NH7 has a video on YouTube, which has Aditya and Tarun Balani on guitar and drums, and Khan on the sarangi, playing Zindagi. It is supposed to be a recording of them performing the song, and also to create a music video of the same. The visuals are a time capsule, switching between heavy block-like frames, filters and color gradings that one associates with the early 2010s YouTube videos. The handheld camera flips extremely quickly between all the players, and that is how the instrumentalisation also works, with the drums, Balani’s incredible segment of a solo, Khan’s sarangi, all tied together by the latter’s vocals. Khan’s lyricism is commendable, as he whips out lines like “yeh ganga teerath kya hai jab maile se mann ko saaf na kiya” and “kyu shor badh paya hai sukoon main kaisa tumne mahaul kiya” with ease.
Laage Re is perhaps one of the most popular tracks off the album, and for good reason. Moreso than anything that is said on the track, Khan’s crescendoing sarangi cuts through your chest as he calls “aaja naa jaa, main waree, tope jaaoon jee / aaja gar-a, main waaree, tope jaaoon jee”. There are very few fusion albums out there which get the absolute relinquishing in any form of love derived from sufi music right, but this one gets it. There is a tear-inducing element to how the sarangi quells on this one, “a tug at the heartstrings”, as someone [me] going for a more cliched expression would say. Qalandar is another brilliant track, with the lively syncopation of the drum beats adapting the arrangement of a gradually quickening dance routine.

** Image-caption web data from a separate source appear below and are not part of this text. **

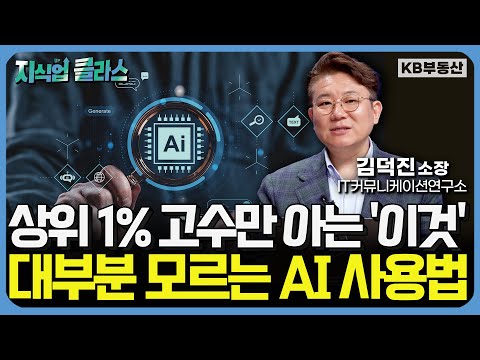 상위 1% 고수만 아는 '이것', 아직 알려지지 않은 AI사용법 (김덕진 소장 풀버전)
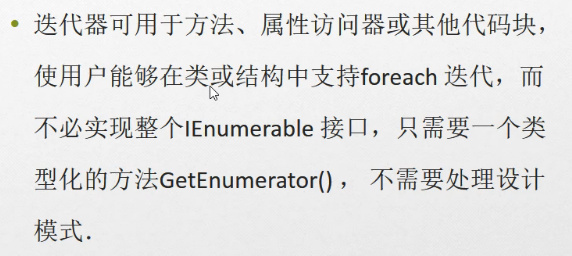 C#编程-94：迭代器Iterator简单实例_彭世瑜_新浪博客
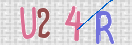Картинка CAPTCHA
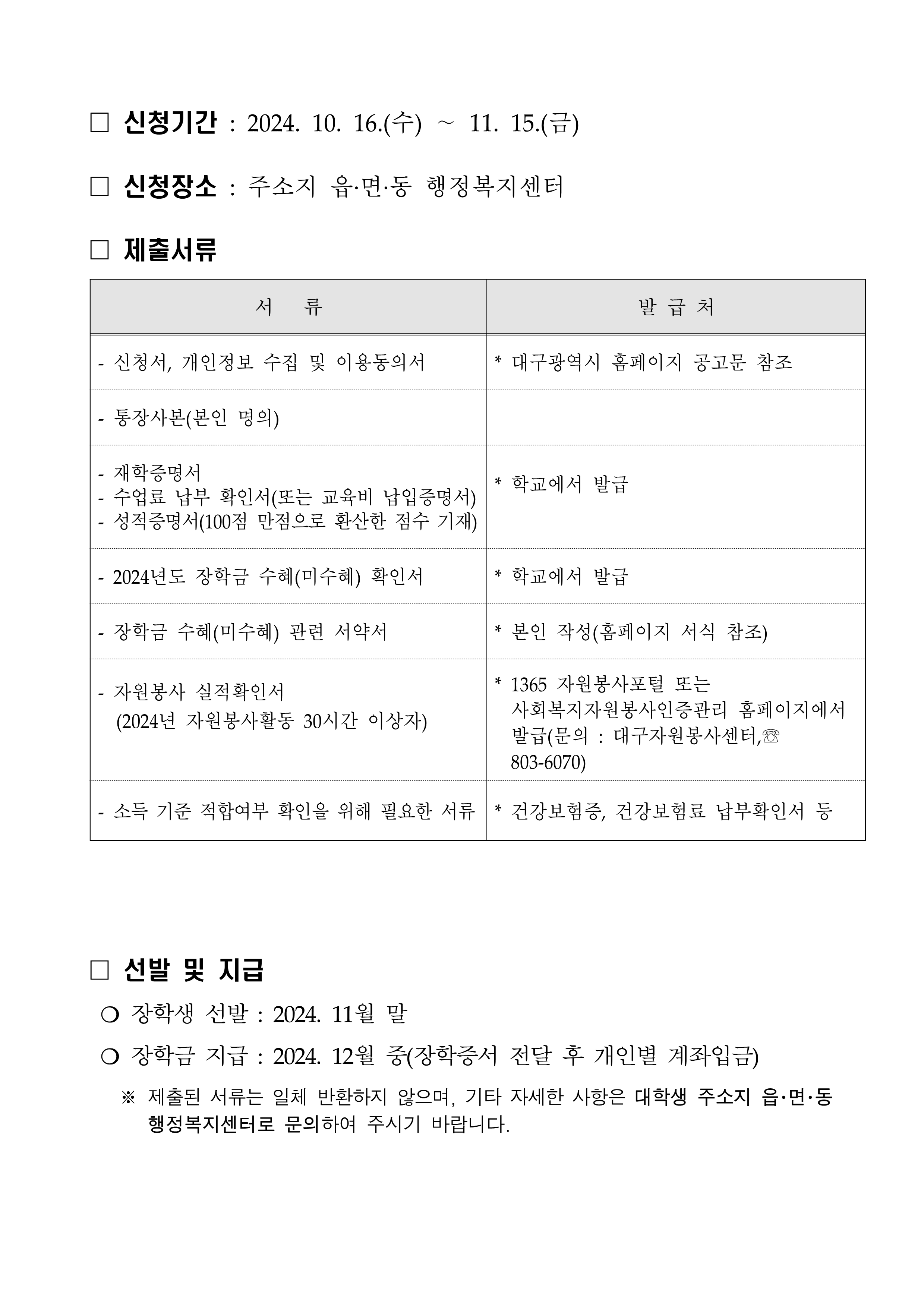 대구광역시 장학생 선발계획 공고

The album ends with a reprise of Zindagi, sung by Shilpa Rao. Rao’s clear vocals accompanied by Tomos Williams’ trumpet is much simpler a soundscape than the ones that precede it. However, I think it is an appropriate curtain drawer, there is a dream-like element to the singer’s delivery, and the trumpet is almost mystical, wistful — first separate and then interspersing to form the sonic equivalent of looking up at the sky in a more vacant stretch of a city road. Perhaps that is why the album art features an open sky and a deconstructed architectural space, or maybe that is only my interpretation — but then, maybe that is the purpose of music, to interpret, reinterpret, encode meanings to a body of work, and somehow it all turns into questioning the many trials and tribulations of life and its incomprehensibilities in song form — after all, these are the remains of our days, held in firm and shaky hands.